Gli altri due altiforni dovrebbero rientrare in produzione fruendo dei circa 700 milioni di finanziamenti posti a disposizione della gestione commissariale, costituiti da 300 milioni provenienti dal patrimonio di Ilva in Amministrazione straordinaria che possiede il compendio impiantistico, e i 350 milioni che sono stati autorizzati dall’Ue come prestito rimborsabile a un tasso di poco superiore all’11%, ma il Governo deve ora redigere il decreto di concessione dei 350 milioni.
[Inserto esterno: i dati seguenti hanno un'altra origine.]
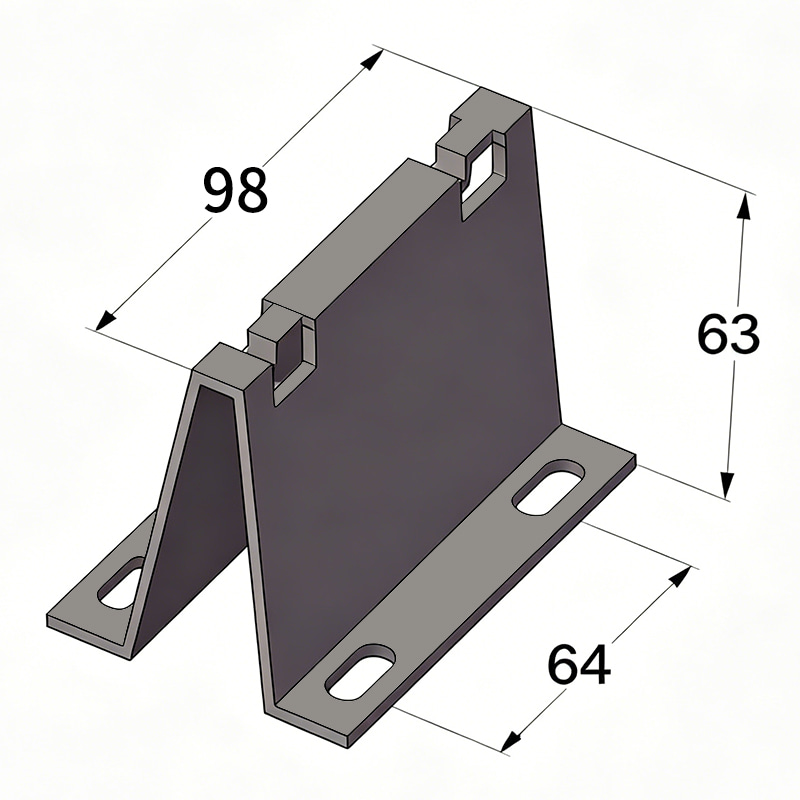 100mm Floor Mount Bracket 100mm Floor Mount Bracket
Nel frattempo sono ripartite le manutenzioni più urgenti nella fabbrica tarantina con interventi promossi dalla gestione commissariale – dopo la sostituzione della Morselli che rappresentava il vecchio gestore di maggioranza ovvero Arcelor Mittal – che ha varato una strategia di mantenimento del ciclo produttivo, rafforzando sotto il profilo tecnologico l’Afo 4, l’unico in esercizio e come tale destinato ad alimentare uno zoccolo minimo di output, attestatosi a oggi alla soglia di 1 milione di tonnellate.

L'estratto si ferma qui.